─── Material shown

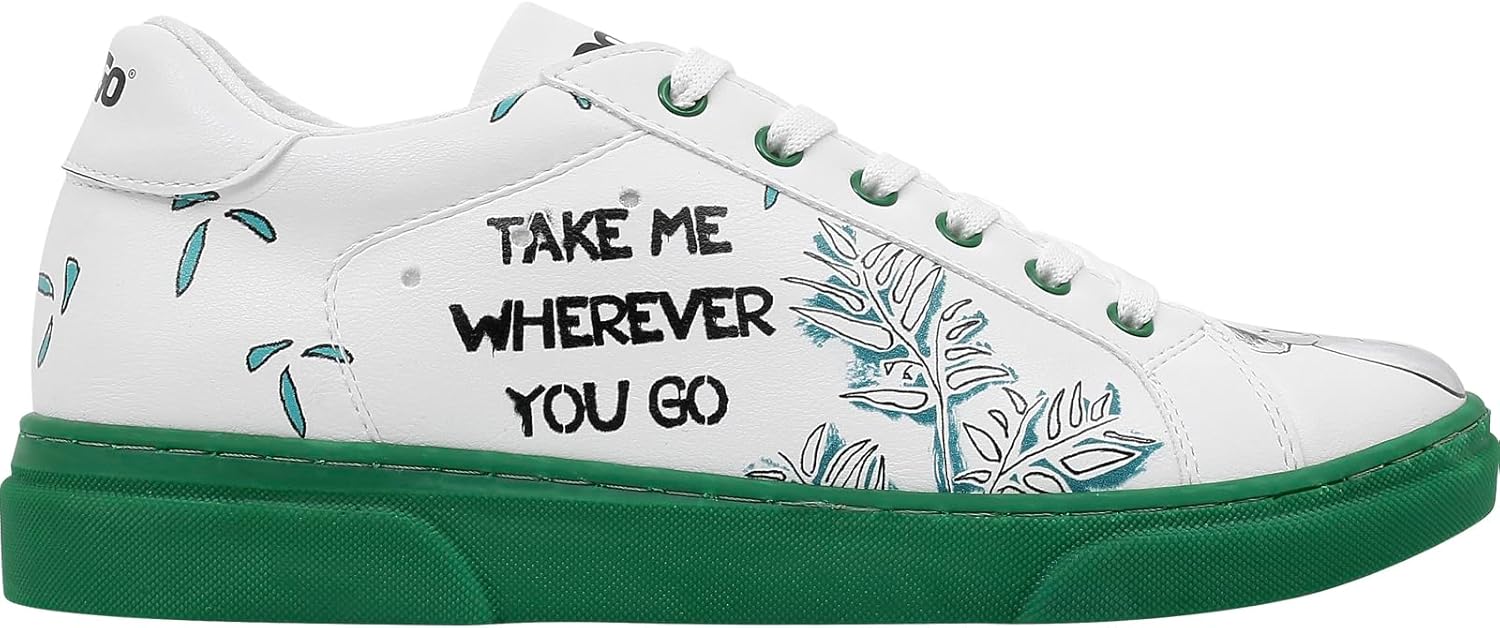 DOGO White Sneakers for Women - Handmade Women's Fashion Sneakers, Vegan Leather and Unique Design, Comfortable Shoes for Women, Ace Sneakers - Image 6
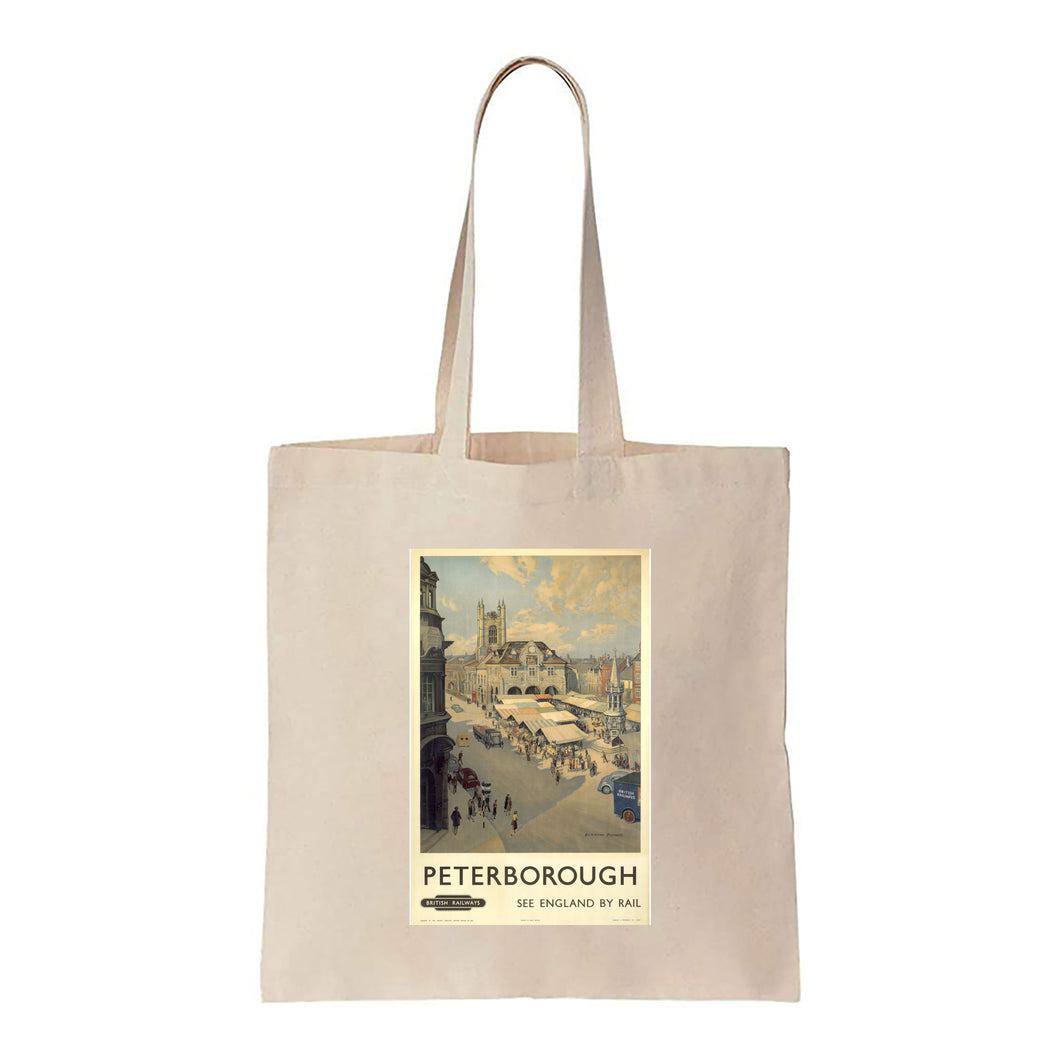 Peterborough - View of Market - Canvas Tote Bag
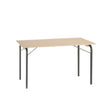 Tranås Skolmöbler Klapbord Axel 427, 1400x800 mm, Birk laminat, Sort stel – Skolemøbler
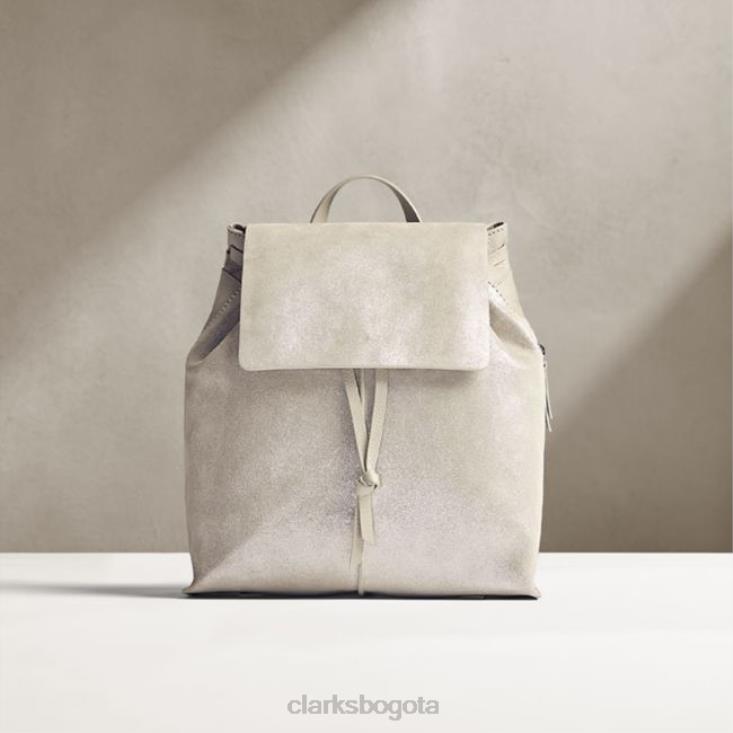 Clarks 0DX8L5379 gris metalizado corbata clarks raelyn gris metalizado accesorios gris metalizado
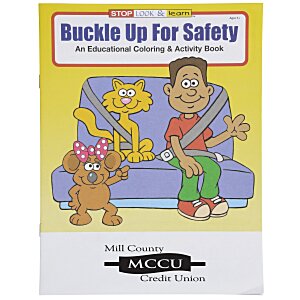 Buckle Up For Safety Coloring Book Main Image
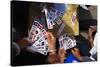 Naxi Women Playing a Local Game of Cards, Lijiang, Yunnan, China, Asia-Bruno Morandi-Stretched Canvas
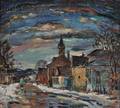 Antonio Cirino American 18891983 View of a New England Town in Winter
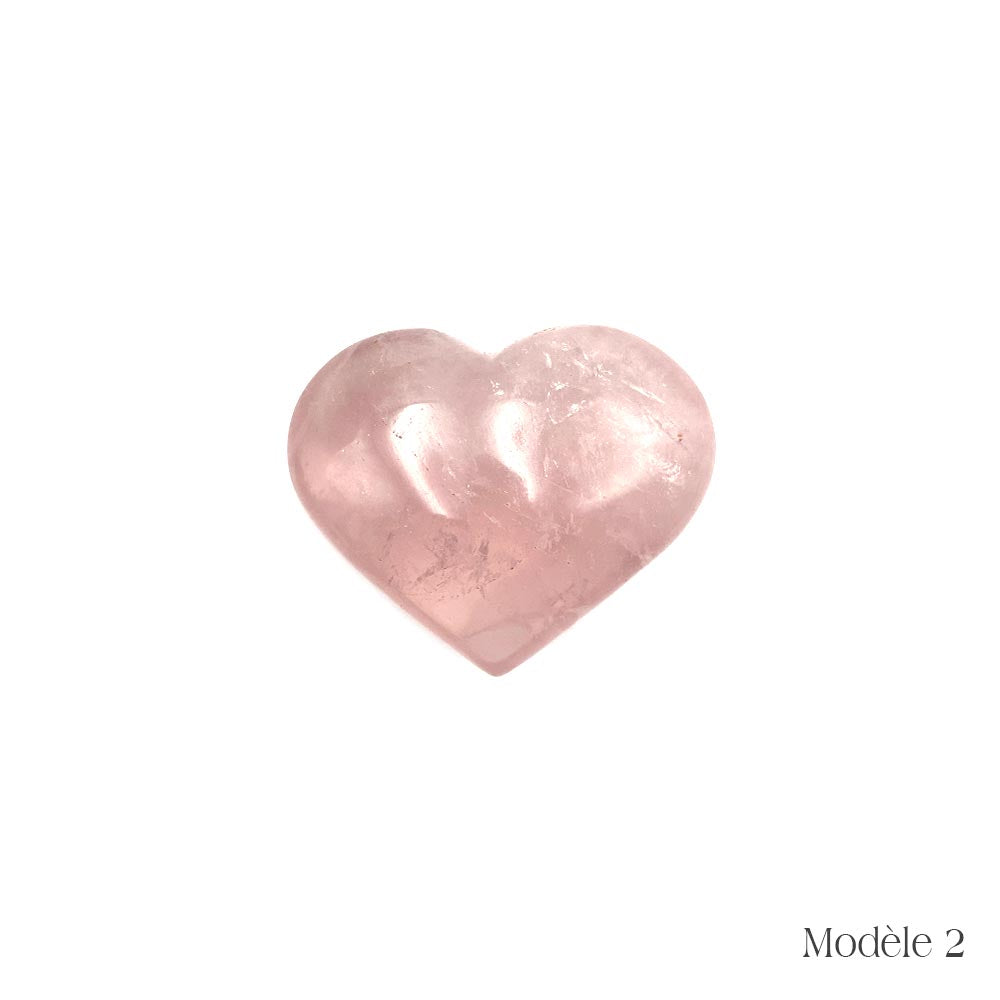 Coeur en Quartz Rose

──────
─── Material shown

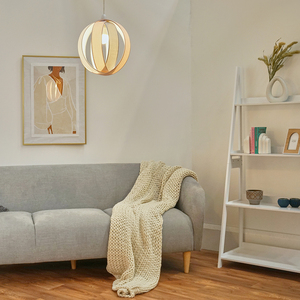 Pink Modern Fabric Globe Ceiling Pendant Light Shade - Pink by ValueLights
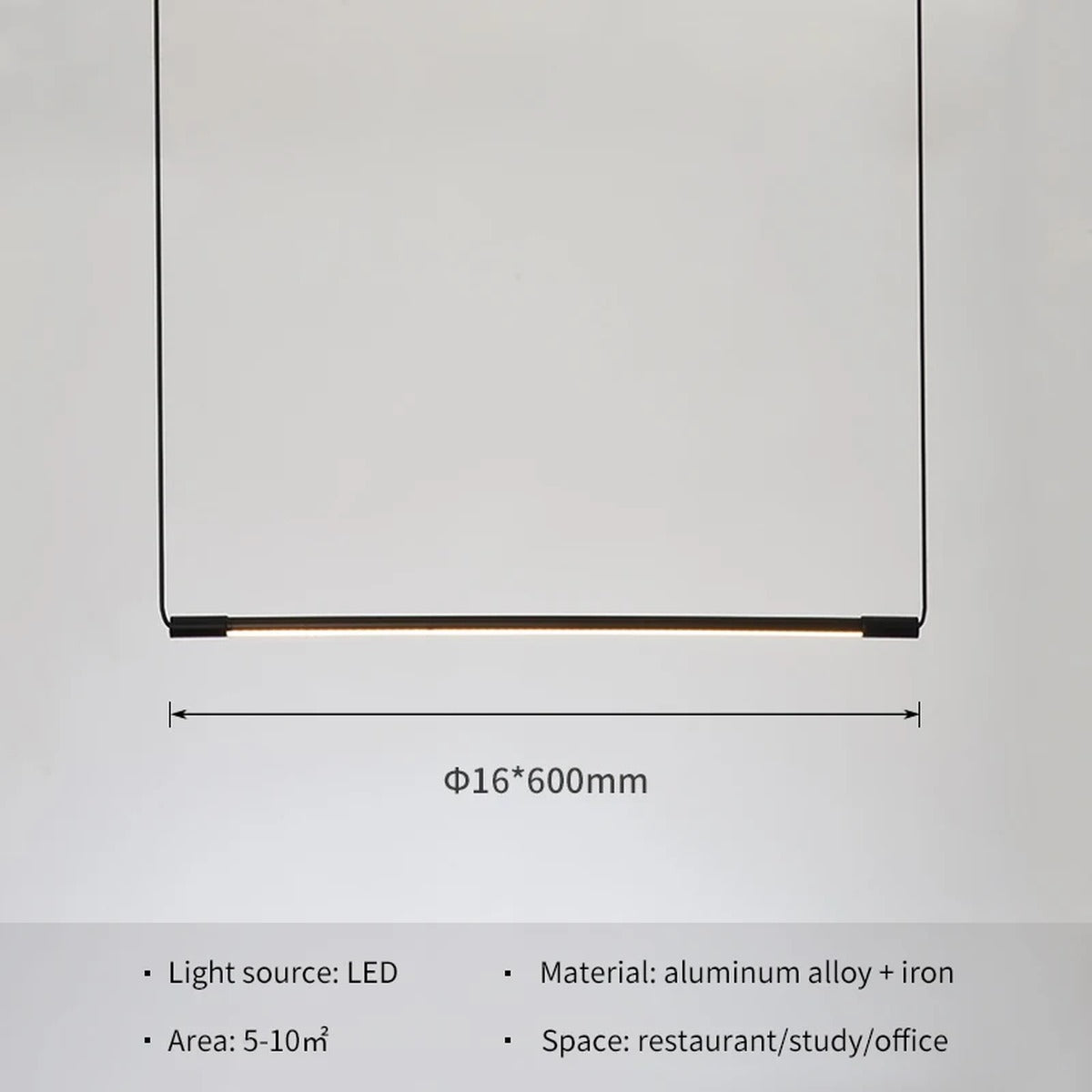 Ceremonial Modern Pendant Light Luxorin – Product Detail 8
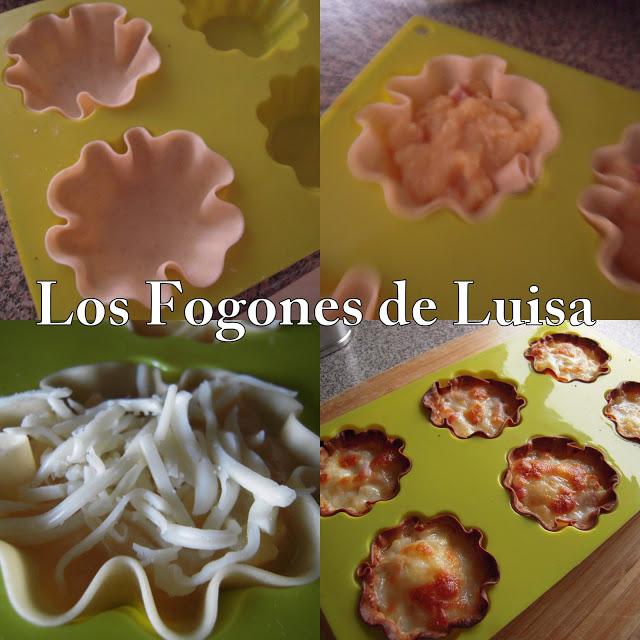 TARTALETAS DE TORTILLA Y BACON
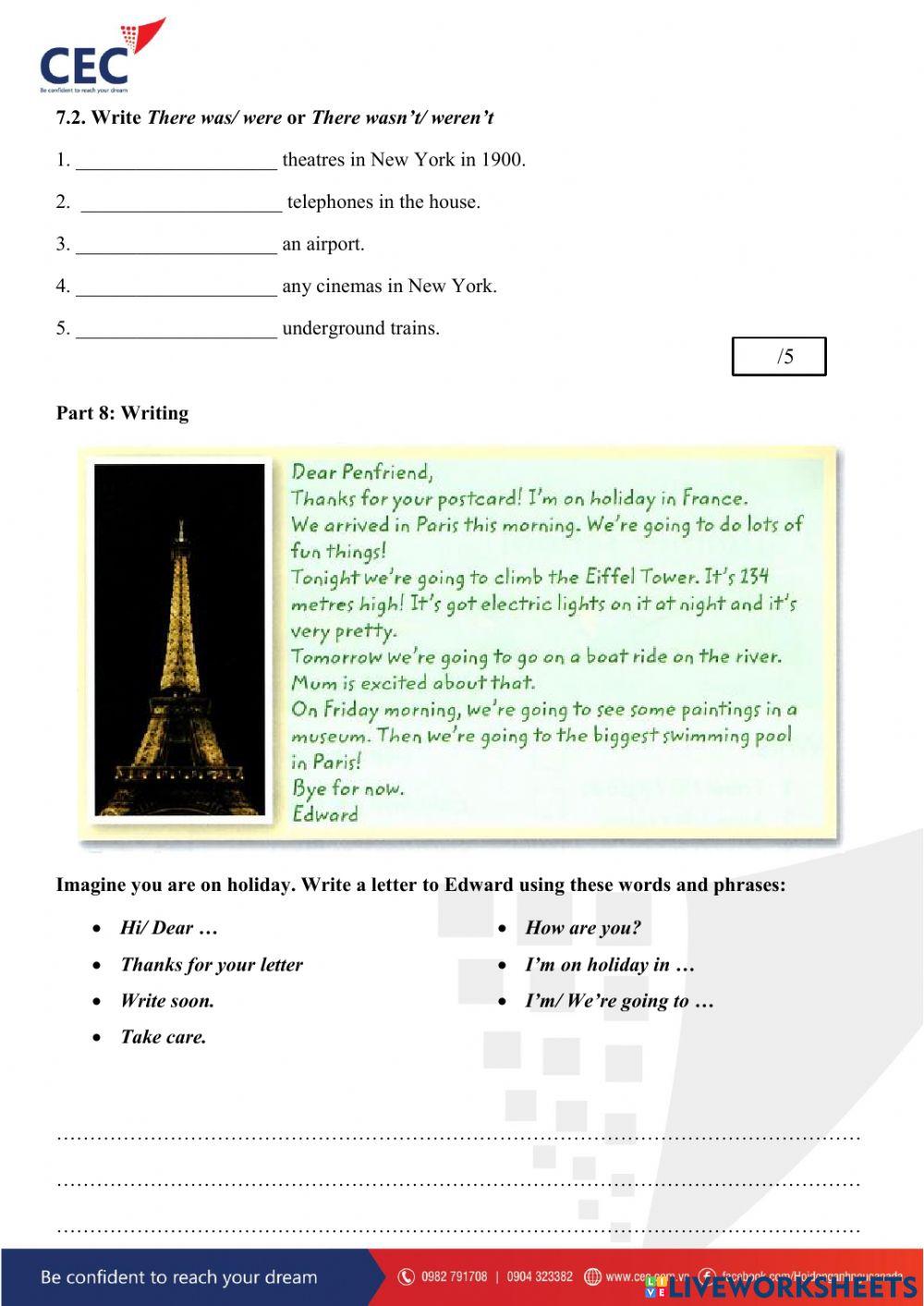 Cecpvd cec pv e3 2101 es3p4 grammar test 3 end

──────

**To do**
The lines above starting at the one that holds "DOGO White Sneakers" and ending at the one that holds "Peterborough - View" are to be written out exactly, ends included, and no pictures are to be copied.

**Task response**
 DOGO White Sneakers for Women - Handmade Women's Fashion Sneakers, Vegan Leather and Unique Design, Comfortable Shoes for Women, Ace Sneakers - Image 6
 Peterborough - View of Market - Canvas Tote Bag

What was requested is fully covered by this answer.